No, we do not dislike The Guardian at post-Gutenberg. It is a newspaper that meets a vital need. With its unstinting support of every vulnerable or marginalised social group – immigrants, same-sex lovers, the transgendered, disabled and poor – it is the only internationally famous old media name backed by a supremely feminine sensibility. It is a sort of zaftig, mammoth-breasted Ur-Mother angel, in spite of being led by a male editor, Alan Rusbridger. We arrived at this thought indirectly, after a male critic of p-G inexplicably characterised as ‘homophilic’** the excellent ProPublica site that has been The Guardian’s co-publisher (with The NY  Times) of Glenn Greenwald’s reports on mass surveillance by governments.

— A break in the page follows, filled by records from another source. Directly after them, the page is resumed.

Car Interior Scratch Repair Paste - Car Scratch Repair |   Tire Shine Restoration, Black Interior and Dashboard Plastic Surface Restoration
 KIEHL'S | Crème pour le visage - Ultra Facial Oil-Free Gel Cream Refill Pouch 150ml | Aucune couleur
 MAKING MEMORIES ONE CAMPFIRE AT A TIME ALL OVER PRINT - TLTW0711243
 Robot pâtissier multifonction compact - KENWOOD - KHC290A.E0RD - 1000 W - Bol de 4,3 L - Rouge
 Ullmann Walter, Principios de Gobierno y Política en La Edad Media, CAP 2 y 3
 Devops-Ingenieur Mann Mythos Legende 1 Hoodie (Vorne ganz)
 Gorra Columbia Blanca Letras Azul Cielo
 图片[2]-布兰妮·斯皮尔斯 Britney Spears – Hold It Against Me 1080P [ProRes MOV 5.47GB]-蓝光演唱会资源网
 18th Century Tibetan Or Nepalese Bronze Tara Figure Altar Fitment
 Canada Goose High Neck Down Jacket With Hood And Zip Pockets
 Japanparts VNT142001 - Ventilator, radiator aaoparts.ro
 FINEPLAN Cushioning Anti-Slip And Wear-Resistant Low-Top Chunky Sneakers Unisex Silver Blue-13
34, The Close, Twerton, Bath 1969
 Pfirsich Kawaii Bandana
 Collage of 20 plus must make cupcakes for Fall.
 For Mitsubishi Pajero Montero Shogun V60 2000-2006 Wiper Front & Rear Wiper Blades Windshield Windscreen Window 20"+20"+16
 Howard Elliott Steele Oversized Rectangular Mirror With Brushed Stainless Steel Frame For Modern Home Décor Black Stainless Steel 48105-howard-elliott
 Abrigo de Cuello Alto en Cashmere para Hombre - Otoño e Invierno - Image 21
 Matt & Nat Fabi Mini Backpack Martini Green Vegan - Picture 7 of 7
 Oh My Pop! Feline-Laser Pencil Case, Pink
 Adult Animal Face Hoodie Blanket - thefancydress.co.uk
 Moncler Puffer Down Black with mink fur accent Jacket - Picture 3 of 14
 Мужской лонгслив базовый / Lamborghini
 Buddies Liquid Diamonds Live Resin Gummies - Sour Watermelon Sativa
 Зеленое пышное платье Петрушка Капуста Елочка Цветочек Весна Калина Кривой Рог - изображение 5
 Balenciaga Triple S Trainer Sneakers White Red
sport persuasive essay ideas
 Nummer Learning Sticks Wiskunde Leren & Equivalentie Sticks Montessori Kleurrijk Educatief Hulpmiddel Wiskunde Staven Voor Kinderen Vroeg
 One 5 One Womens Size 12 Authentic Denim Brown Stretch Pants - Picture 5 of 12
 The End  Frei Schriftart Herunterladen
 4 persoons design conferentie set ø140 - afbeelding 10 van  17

Yes, in our post on that subject last week, we were indeed criticising The Guardian – but only for the reason we have in the past, on many occasions. (See ‘Good Guardian, bad Guardian …’) It censors reader comments in the Comment-is-Free section of its web site. Not, as you’d expect a priori, contributions by readers swearing or resorting to scatology, personal attacks or childish insults – most of which are allowed, to support the appearance of encouraging free speech and debate.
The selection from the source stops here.